News Feature | September 4, 2014

Novo Nordisk Discontinues Inflammatory Disease R & D For Diabetes, Obesity Treatments

By Cyndi Root

microscope

Novo Nordisk announced in a press release that it has decided to discontinue its focus on inflammatory disorders and increase its efforts in diabetes and obesity. The company’s decision follows its discontinuation of its anti-IL-20 compound for rheumatoid arthritis after a Phase IIb trial proved disappointing. Novo Nordisk will finalize that program and others in the next six months, possibly seeking buyers for some compounds in development.

Mads Krogsgaard Thomsen, EVP and CSO of Novo Nordisk, said, “The discontinuation of anti-IL-20 delays our earliest possible entrance into the market for anti-inflammatory therapeutics to the late 2020s. Significant unmet opportunities remain within diabetes, including prevention, obesity, and diabetes complications. We have therefore decided to further increase our R&D efforts within diabetes, which is our main business area.”

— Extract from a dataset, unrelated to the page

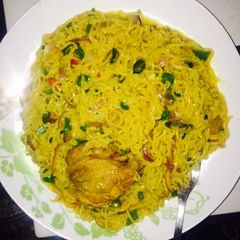 A picture of Chicken Curry Noodles.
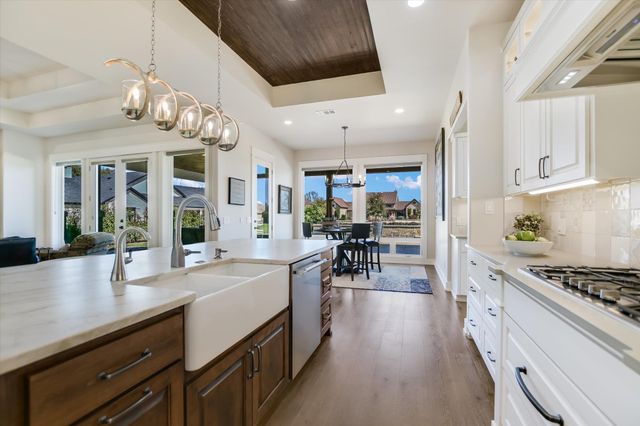 106 Rangeway CIR, Kingsland, TX 78639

Inflammatory Disease Discontinuation

The mid-sized Danish pharmaceutical company stated that the decision to jettison the inflammatory disease division followed an internal review, spurred by the failure of the anti-IL-20 compound. Clinical trials will be closed, but patients will be followed according to the study designs and referred to personal physicians for treatment. The company says that 400 employees are affected by the decision and more than half are expected to find other positions within the company. The move will cost the company about 700 million Danish kroner ($123 million).

Diabetes Business

In August 2014, Novo Nordisk announced sales growth driven by Levemir and Victoza, diabetes treatments. The company is pleased with the performance of Tresiba (insulin degludec), a new once-daily, long-acting insulin first approved in Japan. In the U.S., the Food and Drug Administration (FDA) has thus far refused to approve the drug, citing concerns about cardiovascular outcomes. The company says that DEVOTE, the cardiovascular outcomes trial for Tresiba, is progressing and the company hopes to provide an interim analysis to the FDA in the first half of 2015. Another diabetes agent, Xultophy, recently received a positive opinion from the EU regulatory authorities.

The company updated its pipeline on August 7, 2014. It has completed regulatory filings for Tresiba in type 1 and 2 diabetes, Ryzodeg for type 1 and 2 diabetes, Xultophy (IDegLira) for type 2 diabetes, and Liraglutide for obesity. Currently, Novo Nordisk has 17 other compounds in development in diabetes, obesity, hemophilia, growth disorders, and inflammatory diseases.